Can a skeletonizaed image be greyscale? Can skeletonization be done on a greyscale image or it should be binarized before skeletonization?

I an using an imagej plugin to skeletonized my image. It uses min error method. My original image is greyscale and the skeletonized image is greyscale too but I can only see white and black which seems to be black and white (binarized) image. But it is not. There is no shade of black and white like light grey or dark grey. So why this image is greyscale? Where are those shades of greyness?

minerr black white.tif (4.8 MB)

The next question is that the reason for skeletonization is to get rid of redundant information and keep connectivity. Based on this, I think the image should be binarized to be able to be skeletonized.

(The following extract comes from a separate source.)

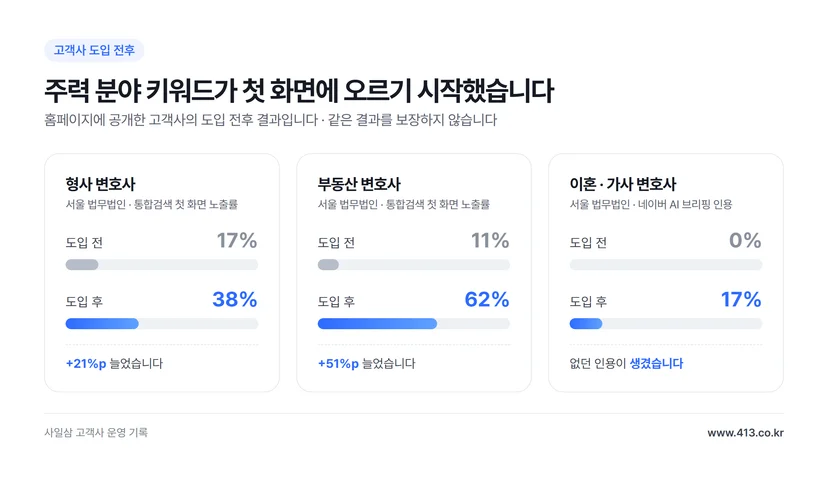고객사 도입 전후 — 형사 변호사 통합검색 첫 화면 노출률 17%에서 38% · 부동산 변호사 11%에서 62% · 이혼 가사 변호사 네이버 AI 브리핑 인용 0%에서 17%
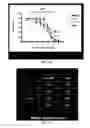 Fig. 18 - METHOD FOR CULTURE OF HUMAN BLADDER CELL LINES AND ORGANOIDS AND USES THEREOF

Your posted image is 32-bit (ie. floating point) presented with a grey scale lookup table and contains only 86 different values (0-85). Depending on what plugin you have used, this might indicate the rounds of eroding-by-1-pixel of the original image to end with the current skeleton.
Image>Type>8-bit converts it to true grey (monochrome) image without losing any information.

“The next question”: what do you mean with ‘redundant information’? the individual pixels? And with ‘keep the connectivity’ that you want to find all points that are branching points and connect them with straight lines, or maybe only the conneciton information as in branching point at (x,y) connects to {(x1,y1),(x2,y2)…(xn,yn)} for every (x,y) being a branching point?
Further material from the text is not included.